The date was April 5, 1972. Warm afternoon light bathed the windows at Pennzoil Company head quarters in downtown Houston. Liedtke, a former Texas wild-catter who’d risen to be Pennzoil’s president, and Roy Winchester, the firm’s PR man, waited anxiously for $100,000 due to be hand-delivered by a Mexican businessman named José Díaz de León. When it arrived, Liedtke (pronounced LIT-key) would stuff it into the suitcase with the rest of the cash and checks, bringing the total to $700,000. The Nixon campaign wanted the money before Friday, when a new law kicked in requiring that federal campaigns disclose their donors.

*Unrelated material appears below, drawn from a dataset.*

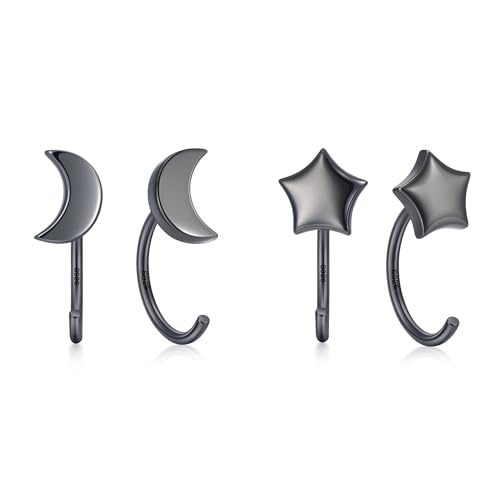 Image of CHIC & ARTSY 925 Sterling Silver Half Hoop Earrings for Women, Small Huggie Hoops Set with Ball Bar Star Moon Cross & Pearl, Lightweight Comfort Fit Everyday & Sleep Earrings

Díaz de León finally arrived later that afternoon, emptying a large pouch containing $89,000 in checks and $11,000 in cash onto Liedtke’s desk. The donation was from Robert Allen, president of Gulf Resources and Chemical Company. Allen—fearing his shareholders would discover that he’d given six figures to Nixon—had funneled it through a Mexico City bank to Díaz de León, head of Gulf Resources’ Mexican subsidiary, who carried the loot over the border.

Winchester and another Pennzoil man rushed the suitcase to the Houston airport, where a company jet was waiting on the tarmac. The two men climbed aboard, bound for Washington. They touched down in DC hours later and sped directly to 1701 Pennsylvania Avenue NW—the office of the Committee for the Re-election of the President (CREEP)—across the street from the White House.

It was the last gasp of a two-month fund-raising blitz during which CREEP raked in some $20 million before the new disclosure law took effect. Hugh Sloan, CREEP’s treasurer, later described an “avalanche” of cash pouring into the group’s coffers—all of it secret.

At least it was secret until some of that Mexican money ended up in the bank account of a one-time CIA operative named Bernard Barker, one of the five men whose bungled burglary at the Democratic National Committee headquarters in the Watergate complex lit the fuse on the biggest political scandal in modern American history.

Almost 40 years later, mass movements like the Tea Party and Occupy have channeled popular anger at a political system widely seen as backward and corrupt. In the age of the super-PAC, Americans commonly say there’s too much money in politics, that lobbyists have too much power, and that the system is stacked against the average citizen. “Our government,” as one Occupy DC protester put it, “has allowed policy, laws, and justice to be for sale to the highest bidder.”